I understand when pgs are clean osd uses osd_pg_min_log_entries and
when pgs are not clean osd uses osd_pg_max_log_entries, Is this the
main reason why osd uses more memory during recovery?
I don't think it will typically hang out around the
osd_min_pg_log_entries value during regular operation. Probably best to
get Josh or Neha's feedback though. See the note above about the max
length (it used to be unbounded during recovery but isn't anymore). I
suspect that there's probably some additional overhead during recovery
in other places too, and I wouldn't be surprised if it throws tcmalloc
for a bit of a loop. TCMalloc works hard to combat memory fragmentation
but I've noticed that when we start doing a bunch of different looking
memory allocations it can make things less efficient for a while. The
autotuner can really make tcmalloc unhappy if it's super aggressive at
shifting memory around quickly.
3.Does a EC pool use more memory than a replicated pool?

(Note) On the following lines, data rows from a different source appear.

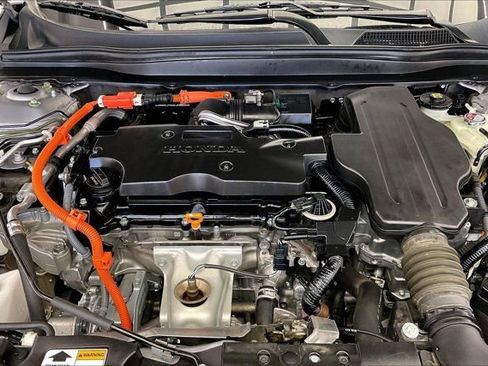 Used 2022 Honda Accord Sport image 9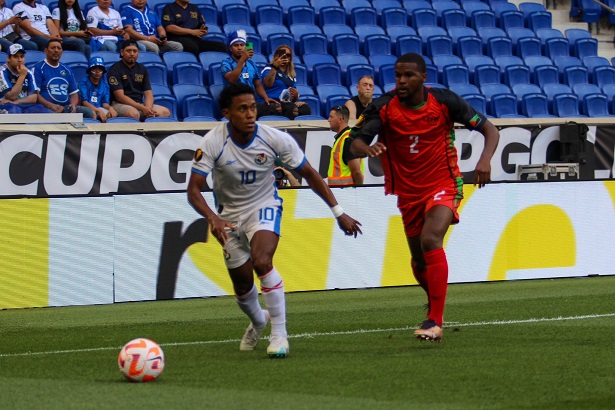 Edgar Yoel Bárcenas (izq.), fue importante en el ataque de Panamá. Fepafut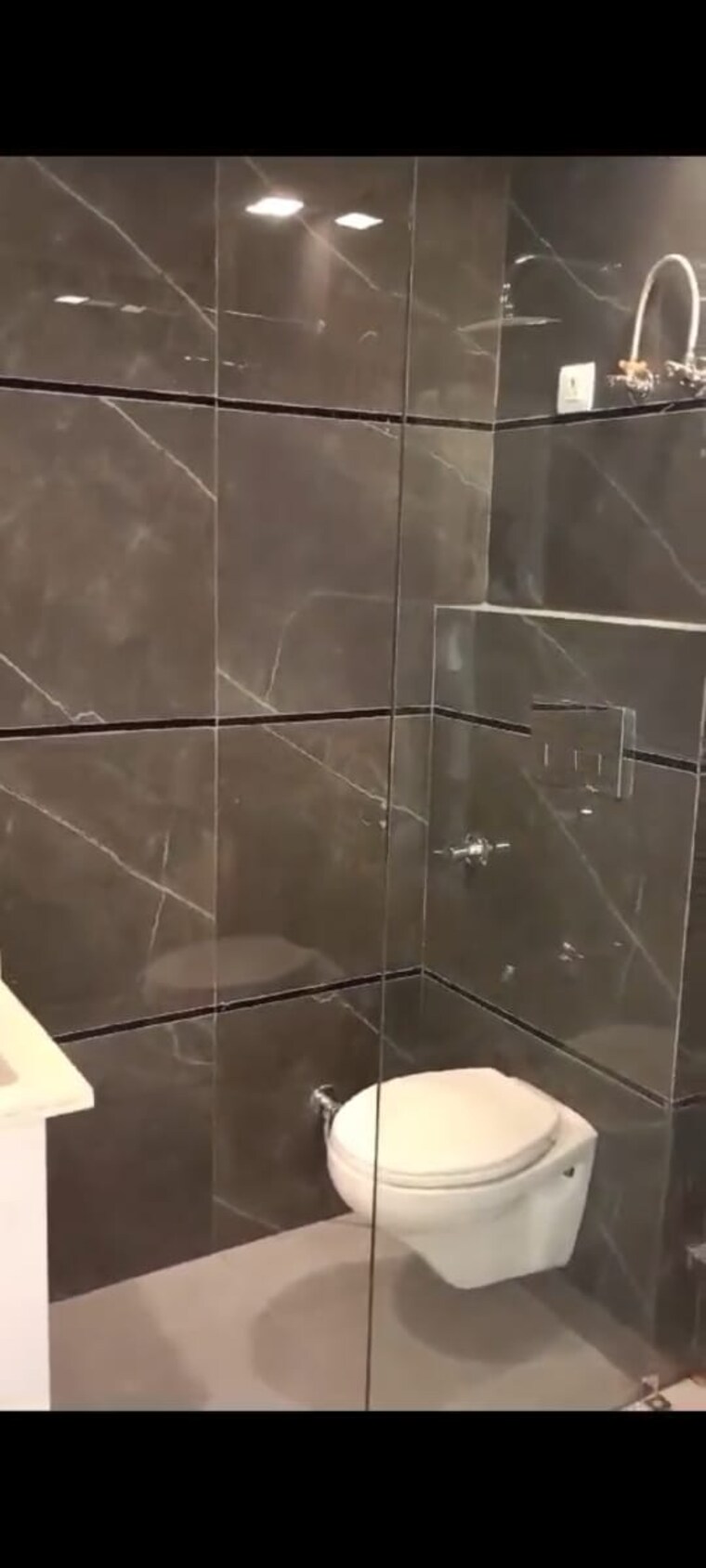 Bathroom, bptp-district-phase-2 3 Bedroom 150 Sq.Yd. Builder Floor In Sector 84 Faridabad 8324491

That's sort of a complicated question. Probably, but there's a lot of
factors that could affect it. Probably best to just test. One of the
reasons I wrote the autotuner is so that we could try to smooth this
sort of thing out and just let users target how much memory they want
the OSD to consume.
4.How would each bluestore cache setting effect the performance?I
understand this is a vague question but any guide line would be
appreciate.
It very much is complicated. :)
In a nutshell: Bluestore has two caches it keeps itself, the onode
cache and the buffer cache. RocksDB also (can) maintain multiple
caches, but for now we'll just focus on the block cache. There's alos
the WAL buffers (memtables), and the pg log.
Onode cache is for metadata and buffer cache is for data. The buffer
cache is what gives you fast reads from memory when you've recently read
(or possibly written if you enable bluestore_default_buffered_write)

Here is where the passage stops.